This idea is illustrated by a triangle case shown in Fig. 5. First, three distances corresponding to the laterals of a triangular base selected from $S$ are calculated, e.g., 10, 15, and 20, respectively. Then, by using the pair extraction algorithm in S4PCS, we can extract all the pairs with the lengths 10, 15, and 20 from $M$ in a linear time. After that, we can build three tables of point index-pair based on the lengths to record all the extracted point pairs with the corresponding length. These tables can also be stored with connectivity rooted at each vertex, e.g., Vertex 8 → Length 10 → Vertices (1, 6…). The connectivity is built during the pair extraction process, and it does not take extra time as compared to simply storing all the extracted pairs in an unordered array. It is similar for tetrahedron, except there are six tables instead of three.

In terms of selecting the tetrahedral base from $S$ at the first step, similar to finding a wide base in S4PCS by running a constant number of iterations to choose the one with the largest area, we also run a constant number of iteration to choose a tetrahedron in $S$ with the largest volume.

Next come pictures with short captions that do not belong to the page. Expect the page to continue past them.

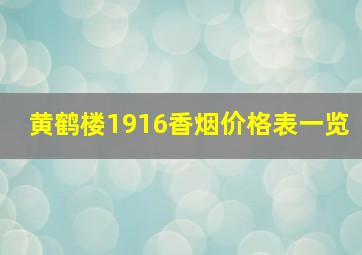 黄鹤楼1916香烟价格表一览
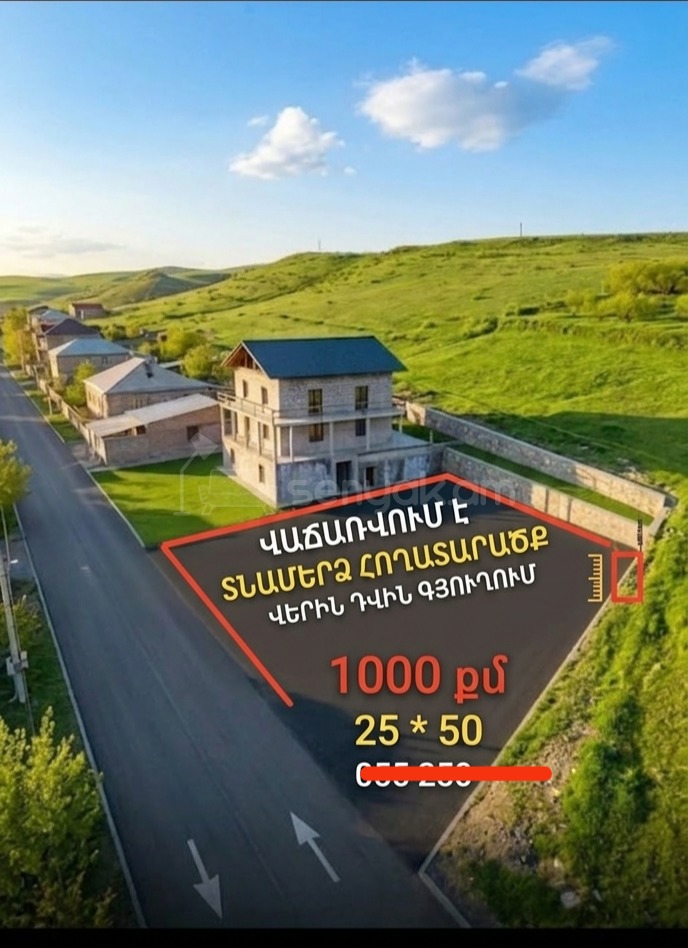 Բնակելի Նշանակության Հողատարածք, 1000քմ, Խմելու Ջրով, Էլեկտրականությամբ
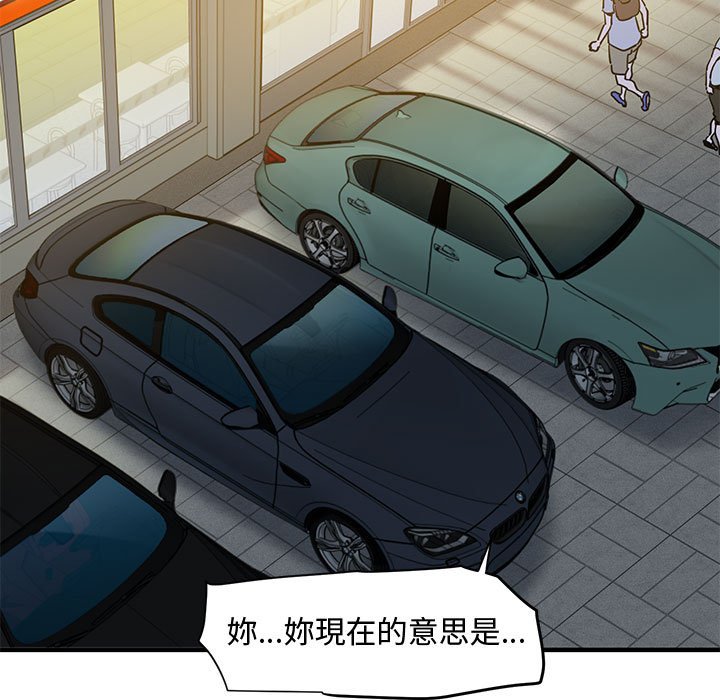 戀愛工廠 第18章 第22页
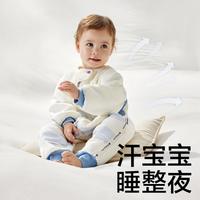 babycare 热气层睡袋儿童四季通用分腿式睡袋男童女童防踢被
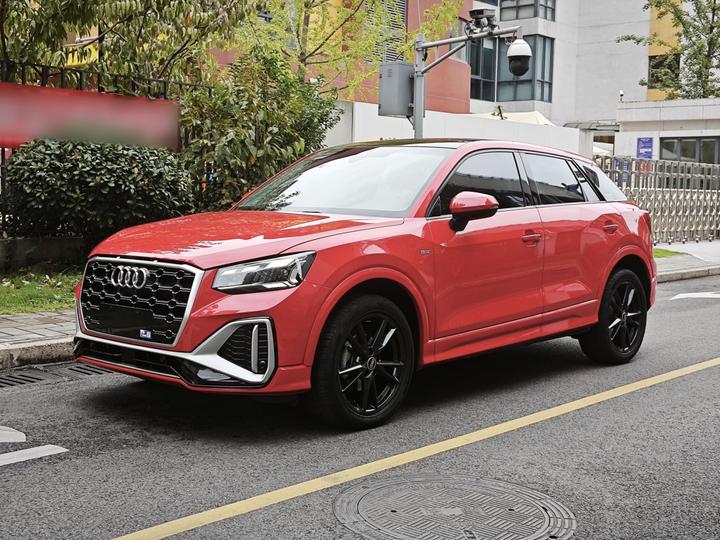 Q2L 2022 35 TFSI Progressive Dynamic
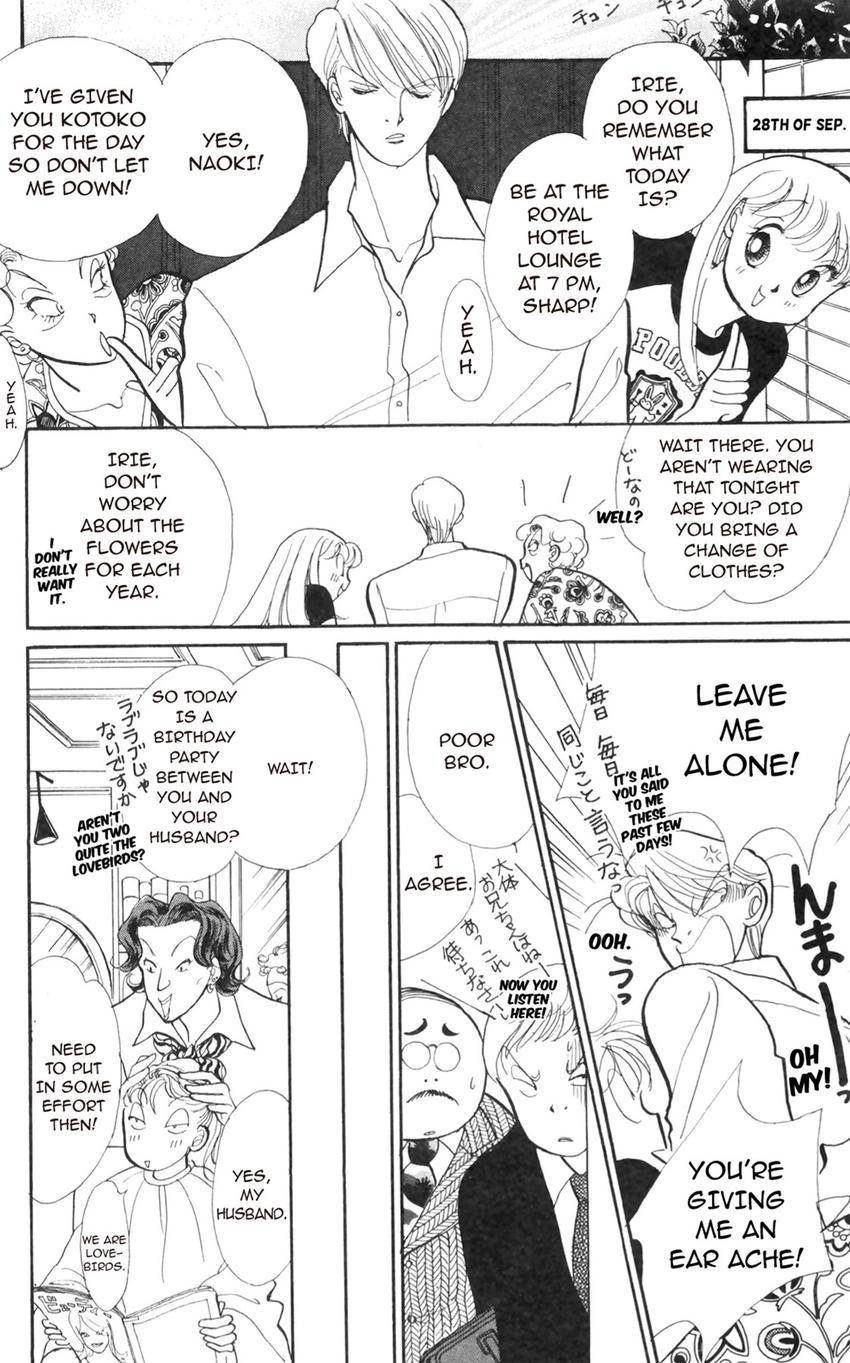 Itazura na Kiss Chapter 174 page 4 -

### Congruent Set Extraction (CSE).

After a tetrahedral base is selected from $S$, the next step is to extract all the congruent tetrahedrons from $M$. Again, the idea is illustrated by the triangle case in Fig. 5. With the connectivity tables generated from the PG step, extracting a congruent triangle becomes a simple lookup problem. For example, to find a congruent triangle in $M$, we can start with the index-pair table with the length of ten, e.g., the pair 1–8, and find a pair with length 15 connecting to it. Both vertices 1 and 8 are retrieved and checked if there is a pair in the list having a length 15, e.g., Vertex 8 → Length 15 → Vertices (2, 7). After that, it can very easily compute if the pairs 1–2 and 1–7 are 20 in length. Courtesy to the beauty of 4PCS stated in remark 1, we construct the bases that contain only the distance information, and we only need to query the distance pair index table to extract the congruent pairs directly. All these operations can be done in $O(1)$ time. There is no need to compute the ratios and angle to judge whether the sets are congruent. It is also worth to remark that the pairs extracted have a tolerance $\epsilon $ in terms of its length, i.e., $d\xb1\epsilon $ (see remark 2), so it would not be over-constrained that no congruent sets can be found.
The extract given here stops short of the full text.